This Monday we were priveledged to by whisked past President Jimmy Carter as he signed books for us at Borders in Westwood.
The lines were EXTREMELY long, out front there was some sort of protest by an Iranian group (not sure about what, but they were MAD) and there was general mayhem in the store. But I have to say the Borders staff were really on top of it; they spotted Cole, me and Ilia in line to get our wrist bands and squired us right upstairs.
It was surreal. President Carter was seated about 50 feet away from where we stepped out of the elevator. He spotted Cole immediately and rarely took his eyes from him as they passed one book after another beneath his pen. He was flanked by Secret Service, who surveyed the crowd disapprovingly. No one was really allowed to speak to Carter and the one man who tried to shake hands was quickly shuffled on.
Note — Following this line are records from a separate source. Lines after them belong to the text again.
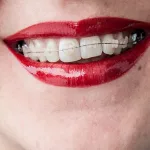 Damon Braces: How They Compare to Other Teeth-Straightening Devices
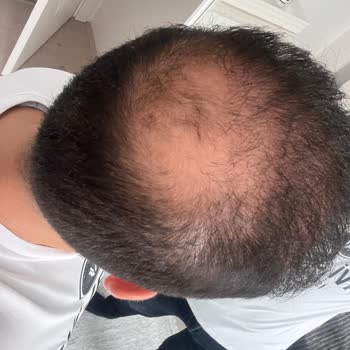 Ekrem Civaş Klinik Saç Kök Hücre Tedavisi Deneyimim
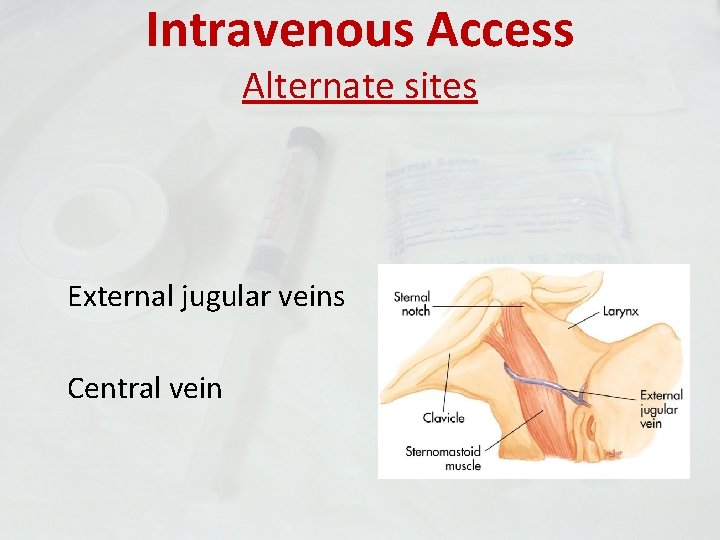 Intravenous Access Alternate sites External jugular veins Central vein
I can’t blame them, I guess. There were hundreds and hundreds of people there (which I took as a sign of hope) and they had to get them through efficiently while keeping Carter safe.
We rolled up for our turn with two books to be signed; Carter’s new release, “The White House Diary” and a book he’d co-written with a young poet and peacemaker named Mattie Stepanek a few years back. It’s partially comprised of their e-mail correspondence and is called Just Peace. We bought one from Mattie’s mother Jeni when she was on tour promoting it. In it, Carter talks with this 13-year-old boy about how to achieve world peace. A boy whose muscular dystrophy was so severe it eventually took his life before he turned 14, but not before he took his message of peace to the world through his poetry.
As we were shunted past, Just Peace was slid before Carter. He looked up hopefully at Cole, then locked onto me with the most piercing, clear blue eyes (at 86!) Nodding at Cole, he said, “Did he get to meet Mattie?” Craning my neck around backward so that he could hear my reply as I was escorted past I called out, “No, but he got to recite one of Mattie’s poems to Jeni!”
A huge, beaming smile.
What’s not to love about a man who thinks it’s more important to talk about peace with a child than to be leader of the free world?